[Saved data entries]
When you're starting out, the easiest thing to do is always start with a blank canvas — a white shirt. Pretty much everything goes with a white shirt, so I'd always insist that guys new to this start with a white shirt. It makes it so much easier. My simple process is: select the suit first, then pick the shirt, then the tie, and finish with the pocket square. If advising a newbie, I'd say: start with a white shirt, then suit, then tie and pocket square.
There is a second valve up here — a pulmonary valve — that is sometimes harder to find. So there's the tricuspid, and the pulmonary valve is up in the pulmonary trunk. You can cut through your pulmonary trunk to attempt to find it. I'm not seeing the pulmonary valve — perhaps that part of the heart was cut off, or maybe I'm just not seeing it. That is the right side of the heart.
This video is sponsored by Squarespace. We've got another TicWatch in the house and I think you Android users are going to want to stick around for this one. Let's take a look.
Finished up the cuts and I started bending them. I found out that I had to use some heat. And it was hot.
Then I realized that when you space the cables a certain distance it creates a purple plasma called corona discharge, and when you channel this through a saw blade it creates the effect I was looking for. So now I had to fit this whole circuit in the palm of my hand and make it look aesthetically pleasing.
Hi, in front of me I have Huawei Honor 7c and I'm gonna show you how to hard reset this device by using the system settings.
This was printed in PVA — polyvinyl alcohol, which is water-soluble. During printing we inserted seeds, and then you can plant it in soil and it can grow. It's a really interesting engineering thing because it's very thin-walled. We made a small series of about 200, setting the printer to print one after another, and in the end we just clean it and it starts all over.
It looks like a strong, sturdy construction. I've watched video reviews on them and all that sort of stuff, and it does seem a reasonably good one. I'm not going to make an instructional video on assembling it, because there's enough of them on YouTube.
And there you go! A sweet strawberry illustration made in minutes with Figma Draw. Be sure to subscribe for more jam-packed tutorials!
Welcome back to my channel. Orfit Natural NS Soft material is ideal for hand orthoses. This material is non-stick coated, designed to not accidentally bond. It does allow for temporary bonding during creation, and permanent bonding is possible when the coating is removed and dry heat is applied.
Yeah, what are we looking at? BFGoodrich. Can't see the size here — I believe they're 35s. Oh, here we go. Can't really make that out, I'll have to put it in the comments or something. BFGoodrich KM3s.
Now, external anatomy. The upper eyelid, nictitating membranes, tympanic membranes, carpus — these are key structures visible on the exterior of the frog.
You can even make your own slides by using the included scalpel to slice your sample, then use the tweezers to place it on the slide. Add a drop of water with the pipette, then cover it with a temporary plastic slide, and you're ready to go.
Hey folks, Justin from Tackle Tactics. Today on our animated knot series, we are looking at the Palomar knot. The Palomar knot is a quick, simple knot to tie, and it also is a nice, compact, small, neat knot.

* [TASK INSTRUCTIONS]:
What is needed is an exact copy of the lines above, from the one containing "Then I realized" through the one containing "Hi, in front", with nothing added.

* [EXERCISE ANSWER]:
Then I realized that when you space the cables a certain distance it creates a purple plasma called corona discharge, and when you channel this through a saw blade it creates the effect I was looking for. So now I had to fit this whole circuit in the palm of my hand and make it look aesthetically pleasing.
Hi, in front of me I have Huawei Honor 7c and I'm gonna show you how to hard reset this device by using the system settings.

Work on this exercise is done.